New Orleans Something big is happening in housing. Maybe big and bad. Maybe big and unknown, but scary in its uncertainty for the future.
Here are the facts that frighten.
Home ownership dropped again in the last quarter of 2016 and when it did so, it fell below 63% to the lowest level in 50 years.
Mortgage loans to African-American families fell in the review period between 2004 and 2014 from 7% of total mortgages for blacks to only 5% of mortgages issued. Hispanic families budged up slightly from 7 to 8%, Asian families stayed at 5%, and mortgages to white families zoomed up from 58% to 69%.
This analysis of Home Mortgage Disclosure Act data was done by the National Association of Real Estate Brokers. They argue in their report that this drop has to do with a tightening of credit standards after the 2007 housing meltdown. Couple that information with another recent statistic that prices in the housing market now are only 2% lower than their historic highs achieved in 2006 before the bubble burst. For the real estate brokers, it is in their interest to have their cake and eat it, too. A return of high prices means happy days for them. Claiming the decrease in much of minority-based lending is based on a change of standards, rather than a clearer manifestation of discrimination is also squarely in their interest.
The Wall Street Journal reported that one of the reasons that minorities are getting a smaller share of loans is the return of the jumbo mortgages to “more affluent borrowers with loans exceeding $417,000.” Mumbo-jumbo. Report after report also indicates with this surge in pricing what used to be “jumbo,” is now just standard operating procedure. Average housing prices have now hit $1 million San Jose for example. Meanwhile other reports speak to housing and income growth in center cities around the country, including in areas like Detroit and Philadelphia and deterioration of income and housing prices and values in working class areas of cities, along with the paradox of millennials wanting to live downtown which is pushing the prices up now, while Pew Research surveys are also saying they are only committed to living downtown for five or ten years. What then?
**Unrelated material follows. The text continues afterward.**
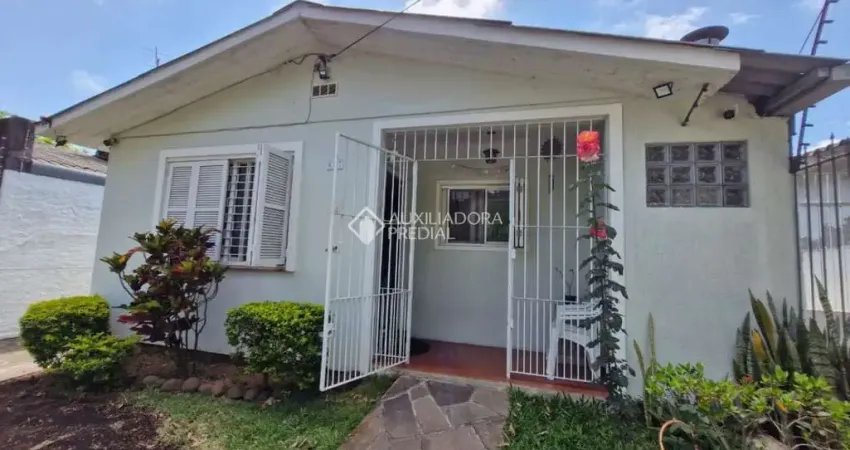 Casa com 3 quartos à venda na Rua Lila Ripoll, 697, Sarandi, Porto Alegre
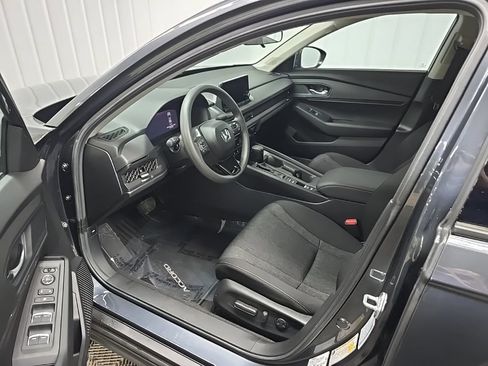 Used 2025 Honda Accord SE image 29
Anyway we shake-and-bake these figures, it is hard to maintain a belief that that part of the American Dream that included home ownership is still alive. We can’t have both stagnant incomes and rising home prices with narrower lending parameters and believe that home ownership can increase among low-and-moderate income families. The conservative blame-game that tried to saddle the housing collapse not on Wall Street recklessness but on lax lending standards has mutated into a form of de facto national housing policy.
Does that mean there will be more affordability in the rental market? There’s no indication of any new trend there, and in fact market-rate construction for the millennials is still the driver. Meanwhile neither political candidate has a program around housing, much less affordable housing, and if values are falling in low-and-moderate income communities that are not on the gentrification list, that also means that citizen wealth will continue to drop like a rock.
Housing is now on the trajectory from problem to issue to crisis, and the silence around solutions is depressing and deafening.